See right now the only shop tools I have at are a hammer and chisel :big: so I decided to go with conventional machines for now but I know it wont be long and I'll not be able to fight the urge to go ahead and order a Tomach.
Maybe I'll get one for Christmas hint,hint.




Doc

PS Am I right in assuming you got one of those little gems?


----------



## deere_x475guy (Sep 18, 2009)

I was wondering the same thing, Kermit?

I just heard back from Robert with Tormach and he sent me a list if 5 people around me that are willing to demo the machine and a list of videos to watch. I will be emailing a few of the contacts this weekend.


----------



## Kermit (Sep 18, 2009)

It's only $7000.  Man, I wish that was in my car's room right now. <(Garage)

If I was willing to wait 5 years to get a mill, then, YES, that is what I would be getting. However, I've been waiting for what seems like forever already ( 4 months) and the savings account for my mill only has $350 in it.


Maybe another unknown Great Uncle will die and leave me $10,000.00 in his will. Or not.  ;D


A boy can dream can't he? 
Kermit


----------



## macona (Sep 27, 2009)

Kermit  said:
			
		

> It's only $7000.  Man, I wish that was in my car's room right now. <(Garage)
> 
> If I was willing to wait 5 years to get a mill, then, YES, that is what I would be getting. However, I've been waiting for what seems like forever already ( 4 months) and the savings account for my mill only has $350 in it.
> 
> ...



Its only $7.5k if you buy the machine by itself. But once you add the options like a stand you are well into the 10k to 14k range.

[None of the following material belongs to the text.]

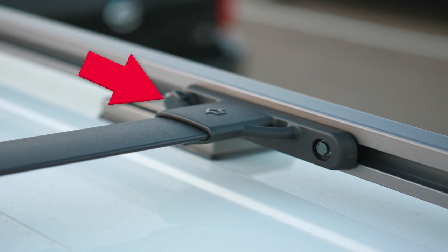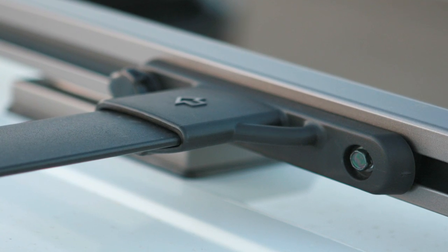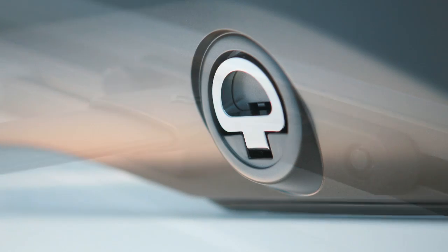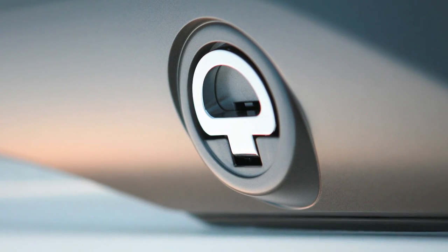Loosen the thumb wheels and move them to your desired position, then tighten them securely. After placing your luggage on the bars, secure it firmly to the utility loops with rope or straps.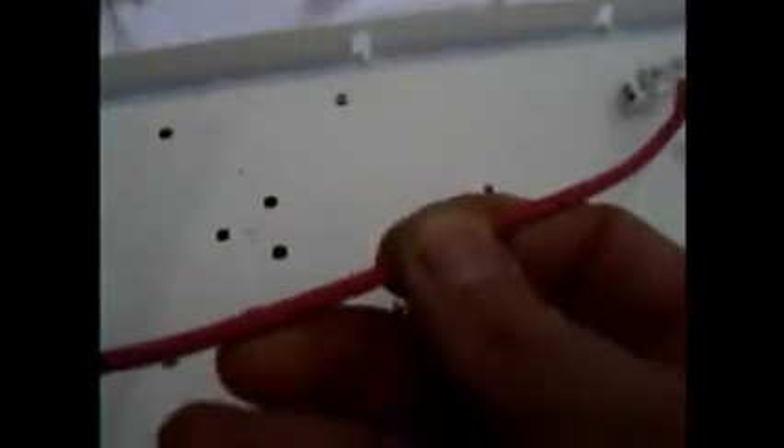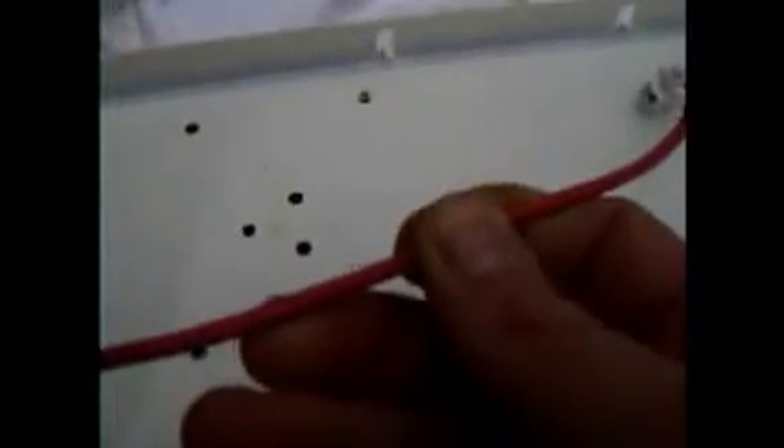So next you just need a long enough piece of cable to go from there down to your power source. Now this piece I'm putting in now will be for the live, but you could run either cable either side as long as you've only got one feed each side.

I have been to a couple auctions recently and you could pick up a Robomill that would take up the same space for about the same price as one of the Tormachs. Heck, Haas VF-3's were going for $6k. A Real nice 50 taper Hitachi with pallet changer went for $15k. (Good luck getting that in my garage!)

-Jerry


----------



## shred (Sep 27, 2009)

Yeah, you can get some good deals on used industrial stuff right now.  Of course I just saw a used $15K+ Tormach setup with tooling and everything go for <$8K locally, so it all depends. Too bad a Minimill won't fit in my shop


----------